Sterling remained firmly on the back foot as the quarter came to an end despite further positive readings. The UK's current account deficit narrowed much faster than expected in the second quarter of the year. This is impressive as the improvement took place despite the strengthening of the Pound by almost 6% in the first half of the year. The third estimate of growth in the second quarter was 0.7%, unchanged from the previous estimate. However, the annual growth figure for the second quarter was revised down from 2.6% to 2.4%.
Meanwhile, there were further signs that the ECB may need to extend the current QE program that is due to end in September 2016. Deflation returned to the region as September prices fell at an annual rate of 0.1%. It is the first time inflation had turned negative for six months, but it is no real surprise given the large fall in energy prices in the last year. Despite some growth and inflation in the first half of the year there are signs the recovery is losing its impetus. Fear of the slowdown in the Chinese economy could seriously damage the European economy, which in turn could also require a further injection of QE.
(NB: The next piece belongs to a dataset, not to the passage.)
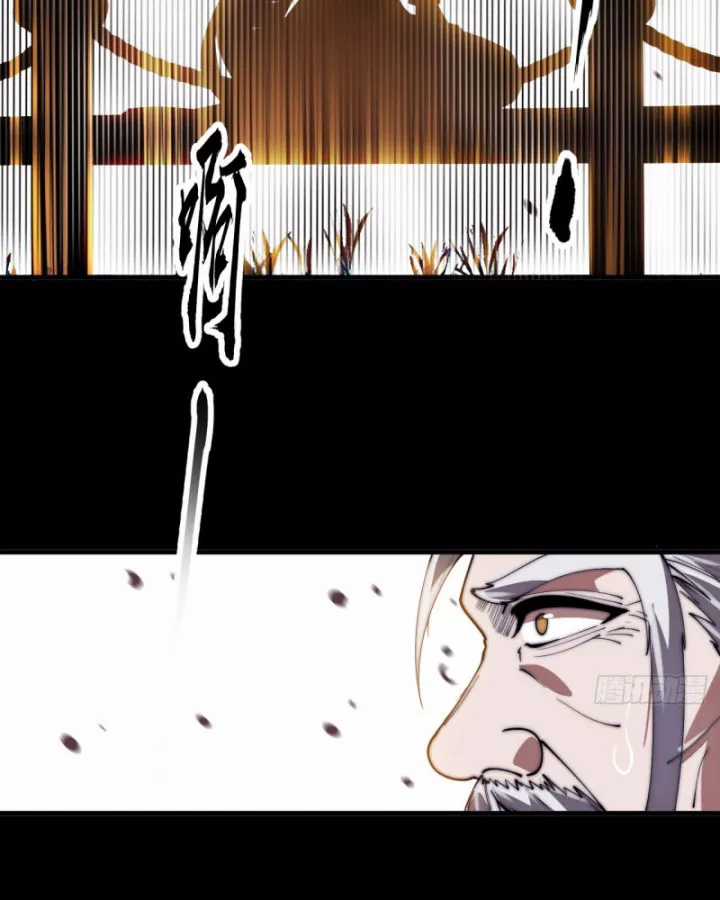 Ta Có Một Sơn Trại - Chapter 1199 - Trang 29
The US Dollar continued its advance as the ADP employment report stated companies stepped up hiring in September posting a better than expected figure of 200k. This is positive in the wake of weaker global demand. It also suggests that the all-important payrolls number on Friday will be better than expected. Should we see this, it will only strengthen the case for the FOMC to be raising interest rates before the end of 2016, which they have signposted in recent commentary.
Overnight, some key manufacturing and service sector numbers from China were released. The official Chinese manufacturing figures remained in contraction scrapping a better than expected 49.8 vs 49.7, whilst the Caixin reading (A.K.A the new HSBC) registered an atrocious 47.2, its lowest reading since March 2009. The two figures combined confirm that the economy remains in contraction as the world’s second largest economy’s biggest sector continues to struggle.
Looking to the rest of the day, there are key manufacturing numbers from across the globe. Manufacturing data from Germany, Europe, the UK and the US are set to hit the wires. Meanwhile, the US jobless claims will be monitored ahead of tomorrow’s US job data.